Sole Proprietorships
Sole Proprietors are “non-entities,” which means they have no legal separation from the business owner and are not registered with the state. Therefore, dissolving a Sole Proprietorship is relatively uncomplicated. After letting customers and vendors know you plan to close the business, make sure you pay off your debts, close business bank accounts, and file your final tax returns. The sole proprietor must also cancel any business licenses and permits. Since Sole Proprietors who operated their businesses using a DBA (Doing Business As) needed to register that name with the state, they must file the correct form to cancel the DBA in their state.
Partnerships
Although Partnerships are also not registered with the state, a few more steps are needed to close a business. To close a Partnership, all partners must agree to dissolve the business. The details of what happens when the business closes should have been documented in the Partnership agreement, including how the assets and liabilities will be divided among the partners. It’s also crucial to check with your state’s Secretary of State about any state regulations regarding Partnership closures.

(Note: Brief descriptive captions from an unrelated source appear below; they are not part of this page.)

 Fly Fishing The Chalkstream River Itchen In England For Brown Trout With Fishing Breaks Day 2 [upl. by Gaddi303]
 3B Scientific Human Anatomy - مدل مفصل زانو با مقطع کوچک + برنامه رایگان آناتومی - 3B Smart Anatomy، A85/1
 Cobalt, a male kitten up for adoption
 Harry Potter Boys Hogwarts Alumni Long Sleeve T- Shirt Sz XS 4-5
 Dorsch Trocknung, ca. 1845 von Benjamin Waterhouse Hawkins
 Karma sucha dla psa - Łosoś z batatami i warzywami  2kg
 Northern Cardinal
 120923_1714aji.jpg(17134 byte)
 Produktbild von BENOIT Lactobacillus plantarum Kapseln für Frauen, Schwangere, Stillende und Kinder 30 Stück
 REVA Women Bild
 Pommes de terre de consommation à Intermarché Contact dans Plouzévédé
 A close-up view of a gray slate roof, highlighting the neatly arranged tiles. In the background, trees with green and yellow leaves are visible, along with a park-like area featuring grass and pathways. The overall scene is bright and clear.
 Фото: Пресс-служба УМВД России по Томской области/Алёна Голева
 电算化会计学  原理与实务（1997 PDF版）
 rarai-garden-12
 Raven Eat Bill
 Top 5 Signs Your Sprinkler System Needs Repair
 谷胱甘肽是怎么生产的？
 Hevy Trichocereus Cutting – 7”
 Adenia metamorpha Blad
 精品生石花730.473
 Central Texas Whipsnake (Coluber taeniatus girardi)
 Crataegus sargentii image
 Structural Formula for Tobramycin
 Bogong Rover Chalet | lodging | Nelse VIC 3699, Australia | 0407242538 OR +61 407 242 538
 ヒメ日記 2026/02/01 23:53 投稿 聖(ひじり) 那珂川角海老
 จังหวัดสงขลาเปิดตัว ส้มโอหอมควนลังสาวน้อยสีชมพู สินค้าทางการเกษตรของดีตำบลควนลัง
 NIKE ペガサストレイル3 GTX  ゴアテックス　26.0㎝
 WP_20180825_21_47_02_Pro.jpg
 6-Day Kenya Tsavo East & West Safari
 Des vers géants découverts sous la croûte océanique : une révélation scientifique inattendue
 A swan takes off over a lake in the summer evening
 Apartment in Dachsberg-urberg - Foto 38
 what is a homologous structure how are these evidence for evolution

In addition to filing their final tax returns, Sole Proprietors and Partnerships may need to file IRS tax forms regarding sales of business property and self-employment taxes.
Unlike Sole Proprietorships and Partnerships, C Corporations and Limited Liability Companies (LLCs) must be registered with the state in which they are formed. The formality gives these business structures separate entity status from the owners. Therefore, C Corporations and LLCs exist as legal entities until officially dissolved within the state.
C Corporations
The C Corporation’s home state dictates the process for forming and dissolving a corporation. Typically, the state requires the company to be in “good standing,” which means its ongoing compliance obligations, such as paying state taxes and filing timely corporation documents, are up-to-date.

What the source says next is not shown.